Mastering Java Heap Dump Analysis: An Expert’s Guide to Solving Complex Memory Problems

When we have performance issues in Java, memory problems are high on the list of possible culprits. They can cause the system to slow down, become unresponsive, suffer from intermittent hangs, and eventually crash. High memory usage can also cause cloud computing costs to soar.

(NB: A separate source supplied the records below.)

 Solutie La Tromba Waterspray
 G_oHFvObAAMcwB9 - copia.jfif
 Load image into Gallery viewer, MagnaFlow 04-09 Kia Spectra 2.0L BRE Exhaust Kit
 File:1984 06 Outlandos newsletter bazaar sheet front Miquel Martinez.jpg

Java heap dump analysis is the fastest way to get to the root cause of memory-related headaches. In this article, we’ll discuss briefly how the JVM manages memory, before looking at how a heap dump can help us troubleshoot problems quickly.

Java Heap Dump Analysis

A heap dump is a snapshot of the JVM heap at a given moment. Since the entire heap is copied to the dump file, it may be very large. Huge enterprise applications may have a heap size of many gigabytes. The dump file is in binary, so it’s impractical to analyze it manually. Fortunately, there are several excellent heap dump analysis tools available. In this article, we’ll use HeapHero, although if you’re already familiar with other tools such as Eclipse MAT, you may prefer to use them.

You may like to read this article, which describes several ways to take a heap dump from a running program. If you’re developing for Android, you will find the article How to Capture Heap Dumps in Android helpful.

Understanding the JVM Memory Model

Java runtime memory consists of several memory areas, each with its own purpose. This is illustrated in the diagram below.

Fig: JVM Memory Model

The two main subdivisions are heap memory and native memory. These are sometimes referred to as heap and non-heap. Heap memory is managed by the JVM, and its initial and maximum size can be configured using runtime arguments. Native memory is managed by the operating system, although we can also configure maximum sizes for some areas.

The heap is a shared storage space for objects created by all classes that make up the application. If local variables, in other words variables declared within a method, are Java primitives, they are stored within the stack rather than in the heap. If they are objects, they are stored in the heap, but a reference to them is stored in the stack. 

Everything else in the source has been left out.